The 1978 version is often considered one of the few remakes to actually outshine the original. The original, however, is still a staple on lists presenting the best SF movies of the fifties. ScreenRant puts it at #2, behind Gojira (1954, review), as does Den of Geek, behind The Incredible Shrinking Man (1957): “Unquestionably the greatest film to emerge from the 50s ‘reds under the bed’ era of communist paranoia, Invasion Of The Body Snatchers is one of the very best movies of the decade, irrespective of genre.” WatchMojo has it at #3, and Time magazine includes it on its list of the 10 best 50’s SF flicks: “Officially remade three times, this Don Siegel version is the simplest, sleekest and best.”
IMDb gives the movie a very positive 7.7/10 rating, based nearly 50,000 audience votes, and Rotten Tomatoes has a superb 9.1/10 critic rating (or 98% Fresh), based on nearly 50 critic reviews. It’s one of a small handful of 50’s SF movies to be included on Metacritic with a suberb 92/100 rating, based on 16 reviews.

Not all modern critics are beside themselves. An anonymous IGN review does call it “an excellent movie about paranoia”, but adds: “the performances are a little hokey, the dialogue is a little too on the nose”, and gives it a 7/10 rating. Jamie N. Christley at Slant magazine gives it 3/5 stars, citing the “flimsy, prosaic surface” and the script’s logic holes, but continues: “It’s precisely this inconsistency that makes the film’s metaphorical layer possible—a layer that’s weakened as each subsequent remake takes the bio stuff more and more literally […] The logical lapses […] generate a narrative fog that can accommodate […] sensations that are all the more vexing for their intangible qualities—a half-movie that takes up residence just beyond the periphery of our conscious awareness.” Apart from this, it’s pretty much straight aces all he way. Entertainment Weekly gives Invasion of the Body Snatchers an A+ review (“The power of the film is primal”), Empire gives it 5/5 stars (“Siegel’s isn’t a work of paranoia; it’s a sarcastic attack upon it”), as does Time Out (“the defining metaphorical work of the twentieth century”), TV Guide (“A superbly crafted film”), BBC (“one of the true masterpieces of the genre”) and the AV Club (“Siegel’s film continues to chill because it still feels unsettlingly familiar”).

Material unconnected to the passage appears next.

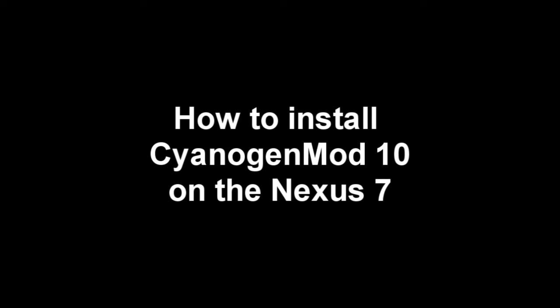Hey guys, today I'm going to be showing you how to install the CyanogenMod 10 on the Nexus 7. So we're going to need a couple things here so let's jump right into it.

Of my go-to online critics, surprisingly few have actually reviewed this movie, perhaps because so much has been said and written about it that there is little to add. But always worth a read, Glenn Erickson at DVD Savant writes: “A brilliant piece of sustained suspense, Invasion of the Body Snatchers is perhaps the talented Don Siegel’s best job of direction. Inspired by a screenplay that allows the Pod threat to grow organically (pardon) from within a setting of complete normalcy, Siegel emphasizes a creeping claustrophobia. Escape options fall away as the Pods close in, until our lovers must hide in a broom closet and pray they won’t be detected. Many Siegel efforts of the 50s are rushed, or take on a generic ‘docu’ look. Excepting a couple of police montages, Invasion is so well directed that one would not want to change a single shot.” Richard Scheib at Moria gives it 5/5 stars, writing: “Invasion of the Body Snatchers is a film that uses the fear of night probably more so than any other horror film ever made – night and sleep are the realms of fear, day is the realm of reason. What is interesting is that the film sides with irrationality and night, rather than day and reason. Much of the latter half of the film builds with the relentless sense of things spinning out of control that a nightmare does. The climactic scenes with Kevin McCarthy running on a highway, his cries for help being ignored by the passing cars and his leaping onto the back of a truck only to find it filled with pods makes much more sense in terms of dream logic than rational storytelling.” Even Andrew “Zero Stars” Wickliffe at The Stop Button is (mostly) sold, with a 3/4 star review: “Even with the three times clunky finish—even without the framing device, it’s impossible to imagine what the film would play like without the added narration and since that narration screws up the third act, there’s not a lot going right outside the spectacular technical filmmaking–Invasion of the Body Snatchers is exquisite. It’s a step higher than almost great (so pretty great?). It just should and could be better. And—rather frustratingly—would have been better, had the studio just kept their hands off it.”

There is, as mentioned, little to add to the praise that this film has received over the years. Given its small budget, it’s amazing how good the film looks, from its cinematography and lighting to the few, but impressive special effects. It is one of the very few horror movies on the flipside of the sixties that is actually still scary today, thanks to the absence of rubbery monsters and to the relentless psychological terror that keeps building over the course of the picture. If you want to pick on something, then I would agree with Andrew Wickliffe that the third act of the film, disregarding the very last three scenes, feels a bit drawn out, at least on subsequent viewings. On the whole, it is not a film that holds up particularly well to repeated viewings in the same way as some other classics. Once you know what’s going on and how the twists and turns of the script will shape up, it loses some of its potency.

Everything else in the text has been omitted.